Initiated by the Ni-Vanuatu activist, also the Coordinator for Vanuatu Education Policy Advocacy Coalition (VEPAC), Anne Pakoa, the group aims to raise awareness on social issues affecting the welfare of young women, such as illiteracy, lack of employment, teenage pregnancy, lack of democratic rights, and not having a voice in decision making starting from the homes to as far as political participation within the provincial and national level.
Bearing the responsibility as an “agent of change”, this newly established group will also look at “how young women can participate actively and efficiently on economic development in Vanuatu”.
Explaining why she felt the urge to form this new group, Ms. Pakoa who has attended the Asia Pacific Feminists Forum, said, “We have come to a time where we need to get young women together to raise their issues and be able to put them together in a big basket and they themselves will identify solutions to the problems they are facing and make resolutions to what changes they wish to see in the future”.
She said mostly women are blamed when problems arise, and gave few examples which include abortions, rape cases, marriage problems, and even cases where women sell themselves in exchange of money.
Speaking during the first session of the group’s gathering, the woman activist reminded the women who were present to know that they are “beautiful and strong” no matter what other people might say or think about them.
She emphasised on the aspect of self-respect. “Lacking respect within you may create corruptive thoughts and acts.
“Women tend to react negatively whenever they are faced with life’s problems, and then they say that they are comfortable with whatever mode of solution which they tapped into”.

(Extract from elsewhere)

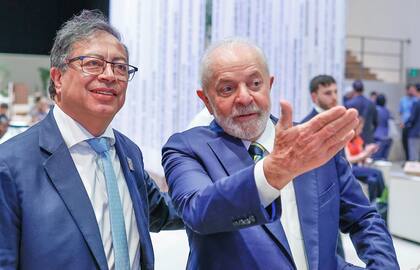 El presidente brasileño Luiz Inacio Lula da Silva se reúne con su par colombiano Gustavo Petro durante la apertura de la Conferencia de las Naciones Unidas sobre el Cambio Climático (COP28)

Ms. Pakoa gave an example happening in Vila today where young women would do anything, believing its part of their comfort, and “they don’t even care when they are called kava-faced”.
“You need to maintain your dignity”, were her words of encouragement which echoed within the room.
Ms. Pakoa is making a call to women who can also act as mentors for the young women on a voluntary basis. “This mentorship is not a full time responsibility. You will be asked to speak and coach from time to time to ensure that this group starts off well and once stable, we can stand back and watch them grow”.
Any young women in Vanuatu between the age group from 16-35 years old are encouraged to join the group, share experience and challenges they are facing and contribute to finding ways to address them and be an agent of change in the society they represent.
The meeting ended with the election of the eight executive members to the new group. The Chairlady of the Vanuatu Young WOmen for Change is Miltus Maliu, a female Police officer.